I was going to use this idea for a Logic Showcase submission, but it ended up not meeting certain criteria I set myself, so that plan was scrapped. I still think this is an interesting concept though (even if the Penpa tooling is a bit lacking for these kinds of shenanigans).

I’m afraid this puzzle is going to require a little diagram for explanation:

So we’re going to be interpreting this diamond grid as an isometric projection of cubes (much like my Diorama puzzle) and we’ll be placing skyscrapers on some of the faces. These skyscrapers cannot extend outside of the NxNxN box implied by the back walls of the puzzle and no two skyscrapers can occupy the same space.

The clues outside the grid see a “ribbon” of 2N faces obtained by going through the parallel edges of each face. They only care about skyscrapers standing on their ribbon and represent the usual skyscraper counts (how many skyscrapers can be seen from the clue, with skyscrapers obscuring same-size and smaller skyscrapers; note that there’s no actual 3D perspective going on here). Also note that clues cannot see skyscrapers “hovering” over one of their faces. In particular, the red ribbon does not include the vertical grey 2-skyscraper.

There’s also no Latin square aspect to this ruleset. Any size of skyscraper can appear any number of times as long as there’s enough room for them and the clues are satisfied.

Answer check only looks for the numbers. Make sure to place them in the centre of each face. You can draw the skyscrapers using the Line > Free mode, but their projections might overlap and it gets a bit ugly in the full puzzle.

Godspeed.

Solve it online:

**Rules:** The grid represents an isometric projection of stacked cubes (as well as three back walls, one for each spatial axis). Place skyscrapers with positive integer height on some faces such that no skyscraper extends beyond the bounds of the NxNxN volume defined by the back walls, and such that no two skyscrapers occupy the same volume cell.

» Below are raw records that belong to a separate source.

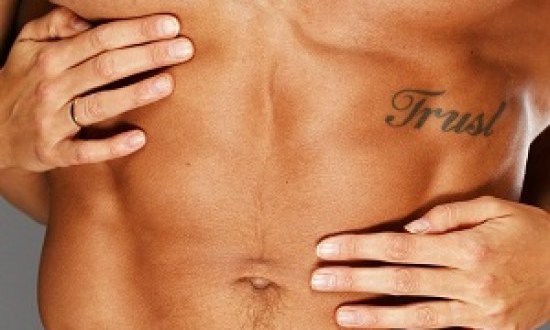 50 &gamma;&upsilon;&nu;&alpha;ί&kappa;&epsilon;&sigmaf; &alpha;&pi;&omicron;&kappa;&alpha;&lambda;ύ&pi;&tau;&omicron;&upsilon;&nu; &tau;&omicron;&upsilon;&sigmaf; &mu;&upsilon;&sigmaf; &pi;&omicron;&upsilon; &lambda;&alpha;&tau;&rho;&epsilon;ύ&omicron;&upsilon;&nu;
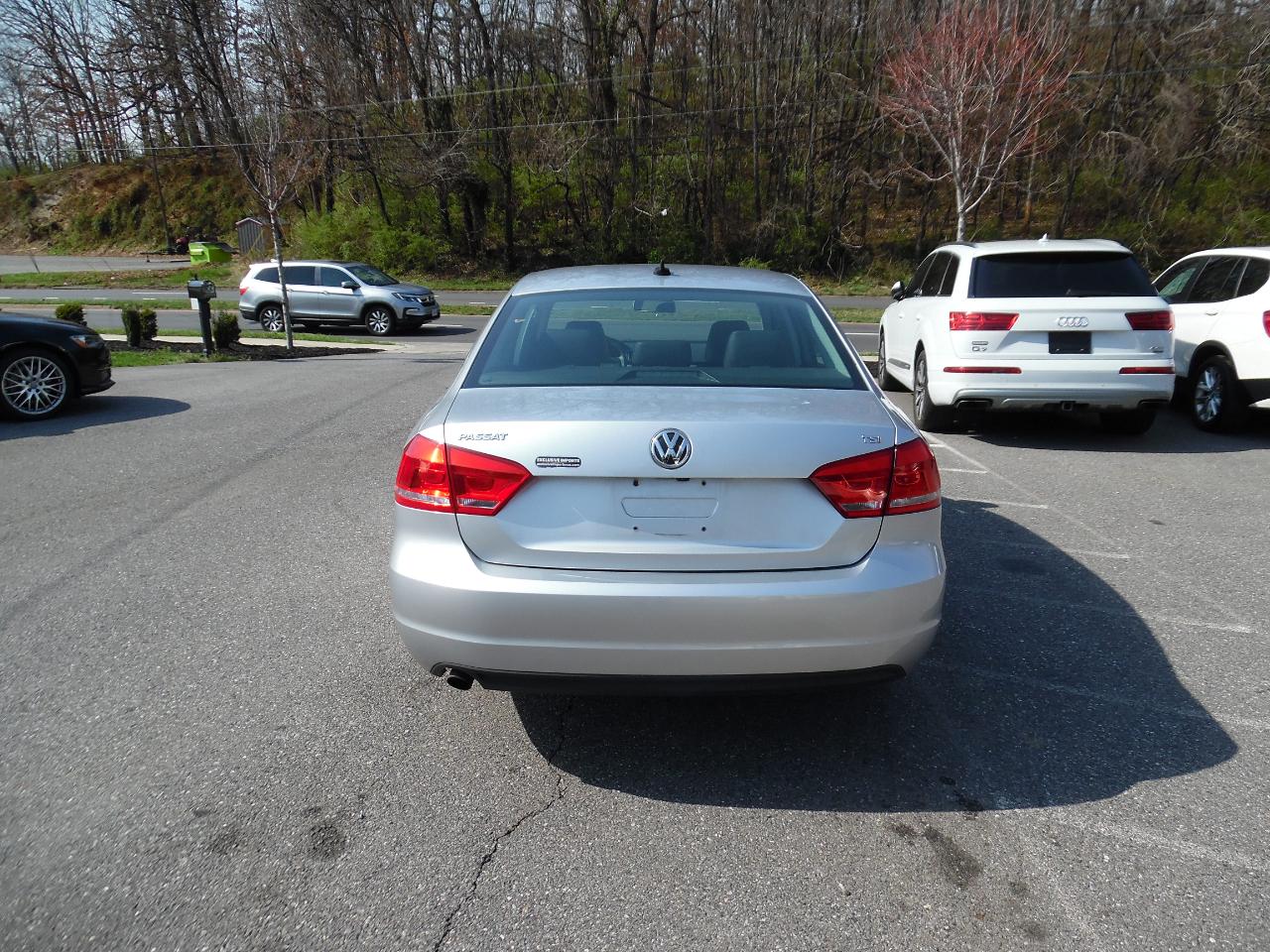 Volkswagen Passat 4dr Sdn 1.8T Auto S PZEV 2015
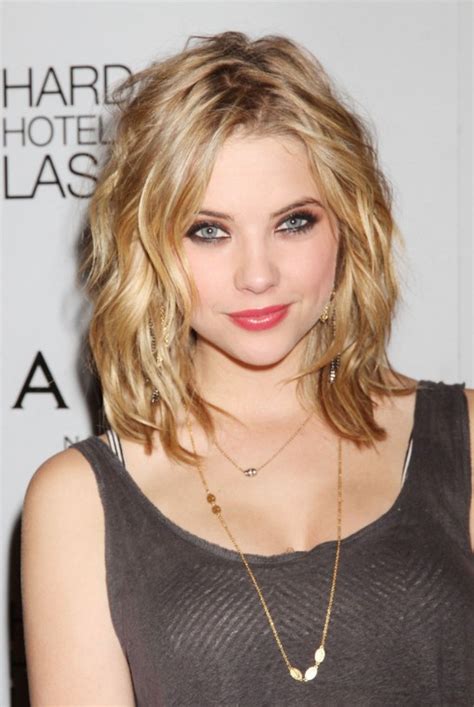 medium wavy hairstyles hairstyles weekly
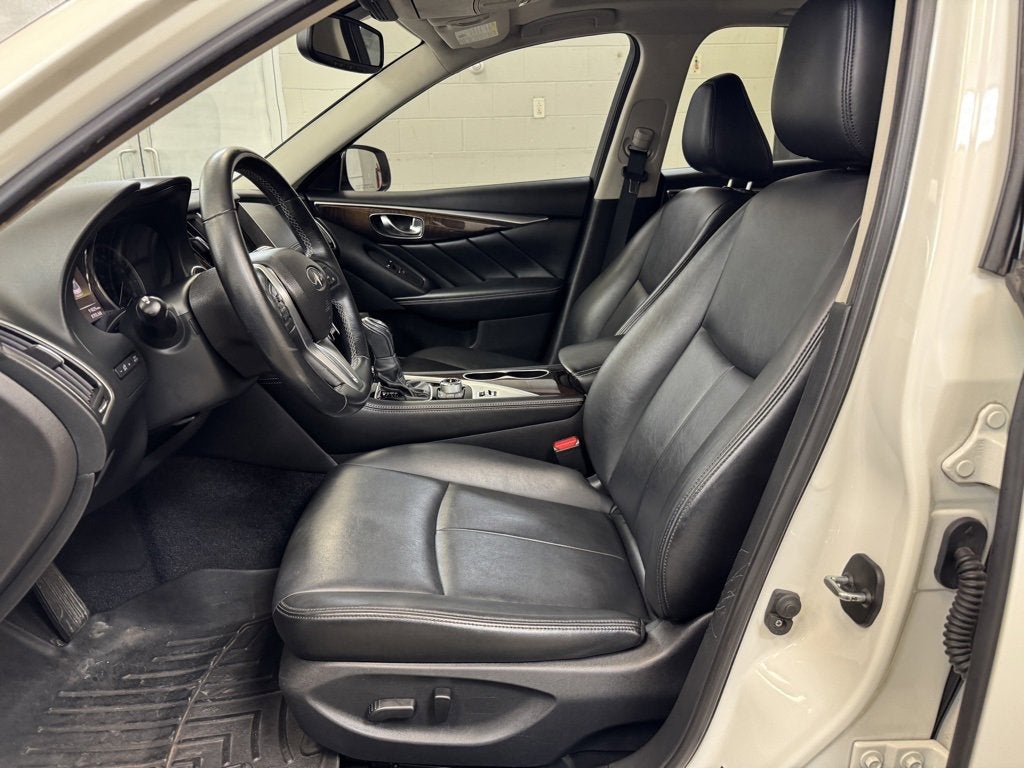 2019 INFINITI Q50 3.0t LUXE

A clue outside the grid sees a “ribbon” of 2N faces obtained by traversing parallel edges and considers only the skyscrapers placed on those faces (not skyscrapers which occupy the volume cell above the face but are placed on another face). Their value represents how many faces in the corresponding ribbon contain a larger skyscraper than all faces before it in that ribbon from the direction of the clue.